Work task:
Here are some records; return them all exactly.

(Data records)
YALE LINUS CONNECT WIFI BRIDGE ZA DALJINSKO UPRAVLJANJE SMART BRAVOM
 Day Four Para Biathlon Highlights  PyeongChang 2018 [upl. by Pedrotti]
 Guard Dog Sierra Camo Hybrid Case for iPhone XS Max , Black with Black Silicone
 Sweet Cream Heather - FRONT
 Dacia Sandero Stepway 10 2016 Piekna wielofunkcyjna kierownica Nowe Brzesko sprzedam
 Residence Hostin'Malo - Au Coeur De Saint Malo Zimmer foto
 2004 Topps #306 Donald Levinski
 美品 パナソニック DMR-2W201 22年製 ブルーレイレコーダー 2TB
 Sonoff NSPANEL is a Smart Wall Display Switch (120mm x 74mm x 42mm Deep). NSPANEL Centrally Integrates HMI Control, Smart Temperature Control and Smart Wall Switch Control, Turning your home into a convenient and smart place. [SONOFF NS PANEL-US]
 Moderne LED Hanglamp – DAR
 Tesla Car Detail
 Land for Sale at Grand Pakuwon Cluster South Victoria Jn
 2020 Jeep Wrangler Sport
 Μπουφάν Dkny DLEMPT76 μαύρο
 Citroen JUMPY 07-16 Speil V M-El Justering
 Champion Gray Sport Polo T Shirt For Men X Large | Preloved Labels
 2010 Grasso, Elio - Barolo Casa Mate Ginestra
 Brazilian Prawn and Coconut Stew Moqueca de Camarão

Finished task:
YALE LINUS CONNECT WIFI BRIDGE ZA DALJINSKO UPRAVLJANJE SMART BRAVOM
 Day Four Para Biathlon Highlights  PyeongChang 2018 [upl. by Pedrotti]
 Guard Dog Sierra Camo Hybrid Case for iPhone XS Max , Black with Black Silicone
 Sweet Cream Heather - FRONT
 Dacia Sandero Stepway 10 2016 Piekna wielofunkcyjna kierownica Nowe Brzesko sprzedam
 Residence Hostin'Malo - Au Coeur De Saint Malo Zimmer foto
 2004 Topps #306 Donald Levinski
 美品 パナソニック DMR-2W201 22年製 ブルーレイレコーダー 2TB
 Sonoff NSPANEL is a Smart Wall Display Switch (120mm x 74mm x 42mm Deep). NSPANEL Centrally Integrates HMI Control, Smart Temperature Control and Smart Wall Switch Control, Turning your home into a convenient and smart place. [SONOFF NS PANEL-US]
 Moderne LED Hanglamp – DAR
 Tesla Car Detail
 Land for Sale at Grand Pakuwon Cluster South Victoria Jn
 2020 Jeep Wrangler Sport
 Μπουφάν Dkny DLEMPT76 μαύρο
 Citroen JUMPY 07-16 Speil V M-El Justering
 Champion Gray Sport Polo T Shirt For Men X Large | Preloved Labels
 2010 Grasso, Elio - Barolo Casa Mate Ginestra
 Brazilian Prawn and Coconut Stew Moqueca de Camarão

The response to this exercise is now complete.